Good morning, Mr. Chairman and distinguished committee members. Thank you for giving me an opportunity to appear before your committee this morning.
My name is Donald K. Johnson, and I'm appearing today in my role as a volunteer board member of five not-for-profit organizations in health care, education, the arts, and social services. In this capacity I'm actively involved in fundraising as well as donating personally to help each of these charities achieve their missions.
I'm appearing today to request that your committee give consideration to recommend that the government include two measures in the upcoming budget that will stimulate greater private sector funding for the not-for-profit sector on the basis that it's more tax effective than direct government spending.
The economic action plan will be implemented and completed by next spring, and the prime focus going forward is balancing the budget. The government has committed not to raise taxes or to reduce transfer payments to the provinces. In order to achieve a balanced budget, the focus must be on reducing spending on low-priority government programs, limiting future increases in government spending, and limiting measures that could potentially cost the government tax revenues.
Because the federal and provincial governments are not in a position to increase funding for the not-for-profit sector during the next few years, Canada's charities are also facing significant fiscal challenges. The demand for the services in health care, post-secondary education, social service, and the arts continues to grow. What can the government do to address this dilemma? You can capitalize on the enormous success of the 1997 and 2006 budget measures that initially reduced and ultimately eliminated the capital gains tax on gifts of listed securities. These measures have resulted in billions of dollars of incremental private sector funding for our not-for-profit sector. The capital gains tax exemption can be expanded to include gifts of two other significant appreciated capital assets: private company shares and real estate.

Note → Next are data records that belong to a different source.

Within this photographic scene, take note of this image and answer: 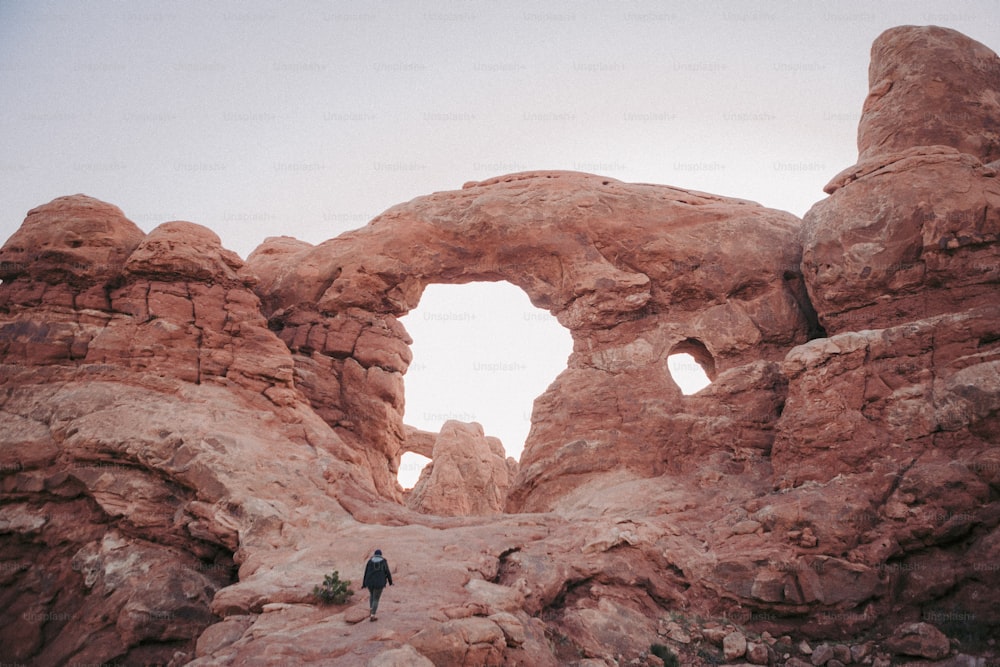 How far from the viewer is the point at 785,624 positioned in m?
12.0

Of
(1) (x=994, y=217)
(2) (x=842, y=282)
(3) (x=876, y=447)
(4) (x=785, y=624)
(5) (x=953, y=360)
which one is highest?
(1) (x=994, y=217)

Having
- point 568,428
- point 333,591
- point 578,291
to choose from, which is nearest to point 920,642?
point 568,428

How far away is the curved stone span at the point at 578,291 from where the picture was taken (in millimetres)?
18609

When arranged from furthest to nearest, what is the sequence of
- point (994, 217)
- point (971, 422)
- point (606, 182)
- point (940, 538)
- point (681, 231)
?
point (606, 182) < point (681, 231) < point (994, 217) < point (971, 422) < point (940, 538)

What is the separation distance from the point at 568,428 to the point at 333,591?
9.80 metres

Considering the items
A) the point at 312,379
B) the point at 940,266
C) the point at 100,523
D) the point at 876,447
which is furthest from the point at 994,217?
the point at 100,523

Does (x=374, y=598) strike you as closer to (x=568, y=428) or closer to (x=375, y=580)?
(x=375, y=580)

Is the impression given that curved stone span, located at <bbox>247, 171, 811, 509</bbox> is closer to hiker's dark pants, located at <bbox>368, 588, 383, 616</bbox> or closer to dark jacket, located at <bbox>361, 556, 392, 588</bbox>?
dark jacket, located at <bbox>361, 556, 392, 588</bbox>

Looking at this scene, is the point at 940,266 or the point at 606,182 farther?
the point at 606,182

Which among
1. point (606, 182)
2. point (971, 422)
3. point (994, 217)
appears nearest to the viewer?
point (971, 422)

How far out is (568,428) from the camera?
18844mm

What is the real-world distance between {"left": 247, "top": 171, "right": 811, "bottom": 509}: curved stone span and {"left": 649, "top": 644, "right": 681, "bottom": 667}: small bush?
22.8 ft

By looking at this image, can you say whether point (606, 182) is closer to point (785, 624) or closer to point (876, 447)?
point (876, 447)

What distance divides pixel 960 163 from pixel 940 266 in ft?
9.75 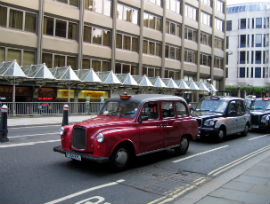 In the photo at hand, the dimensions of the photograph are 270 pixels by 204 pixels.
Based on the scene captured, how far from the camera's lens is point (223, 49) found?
4847 centimetres

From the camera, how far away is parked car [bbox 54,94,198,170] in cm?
612

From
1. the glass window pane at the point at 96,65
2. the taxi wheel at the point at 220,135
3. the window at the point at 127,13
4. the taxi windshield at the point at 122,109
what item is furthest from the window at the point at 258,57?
the taxi windshield at the point at 122,109

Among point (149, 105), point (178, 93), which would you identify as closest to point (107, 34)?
point (178, 93)

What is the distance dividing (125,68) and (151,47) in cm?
535

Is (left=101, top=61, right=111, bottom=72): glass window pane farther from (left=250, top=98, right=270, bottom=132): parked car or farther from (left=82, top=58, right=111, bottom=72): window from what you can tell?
(left=250, top=98, right=270, bottom=132): parked car

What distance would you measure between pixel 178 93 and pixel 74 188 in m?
33.6

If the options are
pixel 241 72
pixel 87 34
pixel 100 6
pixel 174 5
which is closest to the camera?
pixel 87 34

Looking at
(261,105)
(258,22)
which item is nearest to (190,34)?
(261,105)

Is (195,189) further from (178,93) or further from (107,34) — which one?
(178,93)

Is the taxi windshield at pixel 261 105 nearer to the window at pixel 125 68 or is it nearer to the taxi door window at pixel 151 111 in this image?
the taxi door window at pixel 151 111

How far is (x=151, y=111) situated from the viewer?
24.6 feet

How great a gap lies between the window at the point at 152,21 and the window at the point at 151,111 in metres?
27.0

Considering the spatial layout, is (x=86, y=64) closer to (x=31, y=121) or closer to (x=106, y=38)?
(x=106, y=38)

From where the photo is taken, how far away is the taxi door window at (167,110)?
7.87 m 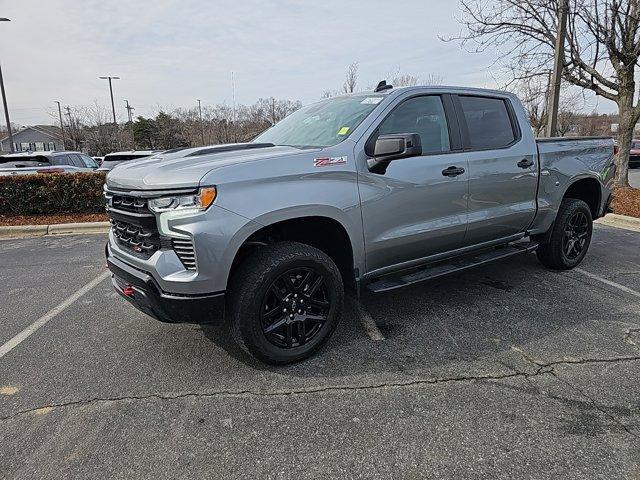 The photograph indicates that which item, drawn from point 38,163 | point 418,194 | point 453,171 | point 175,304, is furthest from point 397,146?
point 38,163

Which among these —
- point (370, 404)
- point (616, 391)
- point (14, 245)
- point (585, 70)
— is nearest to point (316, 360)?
point (370, 404)

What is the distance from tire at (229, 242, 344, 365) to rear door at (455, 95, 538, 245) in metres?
1.63

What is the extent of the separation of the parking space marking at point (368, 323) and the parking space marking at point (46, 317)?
2.87m

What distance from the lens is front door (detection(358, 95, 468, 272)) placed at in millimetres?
3361

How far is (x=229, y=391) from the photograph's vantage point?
2.85m

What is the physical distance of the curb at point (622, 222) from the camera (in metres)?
7.81

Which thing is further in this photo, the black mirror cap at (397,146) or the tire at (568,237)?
the tire at (568,237)

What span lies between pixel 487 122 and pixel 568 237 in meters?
1.93

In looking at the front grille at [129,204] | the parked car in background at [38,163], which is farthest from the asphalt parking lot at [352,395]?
the parked car in background at [38,163]

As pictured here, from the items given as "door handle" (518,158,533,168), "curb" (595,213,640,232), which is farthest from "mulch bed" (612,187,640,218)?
"door handle" (518,158,533,168)

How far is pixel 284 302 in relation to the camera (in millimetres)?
3061

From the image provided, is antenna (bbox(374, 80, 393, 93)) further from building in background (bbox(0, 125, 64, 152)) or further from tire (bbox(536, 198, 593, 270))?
building in background (bbox(0, 125, 64, 152))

Charitable donations of both of these asset classes are exempt from capital gains tax in the U.S. Extending the exemption from the capital gains tax for charitable gifts of these assets would unlock additional private wealth for public good on the basis that it's much more effective and targeted than the bureaucratic process of direct government appropriation. Any concern about valuation abuse can be addressed by one simple measure: the charity would not issue a tax receipt to the donor until it has received the cash proceeds from the sale of the asset.
Also, if the purchaser of the asset is not at arm's length from the donor, the charity would need to obtain two independent professional appraisals to confirm that the charity is receiving fair market value for the sale of the assets. For each $100 million of incremental charitable giving, the federal government would forego approximately $11 million in capital gains tax. The donor would of course receive a charitable donation tax credit from the federal government for $29 million, the same as for a gift of cash.
The total tax revenue cost to the federal government would be approximately $40 million. Now, there's a high level of awareness and support for these measures across Canada, particularly among the tens of thousands of volunteer board members of our not-for-profit organizations and the management and employees of our hospitals, universities, arts and cultural organizations and social service agencies such as United Way. In particular, I'd like to mention three prominent organizations that are supportive.
The Canadian Federation of Independent Business has 107,000 members. They have understood and are supportive of these measures because all members are private enterprises. It is estimated that over one-third of family owned independent businesses in Canada will be sold or transferred by the end of this decade. Also, most of the 1,800 mayors who are members of the Federation of Canadian Municipalities are supportive. Not-for-profit organizations in municipalities would receive incremental funding from donors who live in their community, but there's no tax revenue cost to the municipality because they derive their revenues primarily from property taxes, not income taxes. Not-for-profit organizations in smaller and rural communities, in particular, would benefit from gifts of private company shares and real estate. Also, the C.D. Howe Institute published an e-brief last September endorsing both of these measures.
Now, it is also important to recognize that the Liberals, the NDP, and the Bloc Québécois have publicly confirmed their support. Charities across Canada thanked the Liberals and the NDP for their support with full-page advocacy ads published in The Globe and Mail, The Toronto Star, and the Ottawa Citizen last December.
Charities in Quebec thanked the Liberals, the NDP, and the Bloc Québécois for their support in full-page advocacy ads published in La Presse and Le Devoir last January.
We urge the finance committee to recommend that the government implement these measures in the upcoming budget. This is one of the few public policy issues upon which all four parties can agree and for which all Canadians will be very grateful.
Thank you for your attention. I'd be pleased to answer any questions.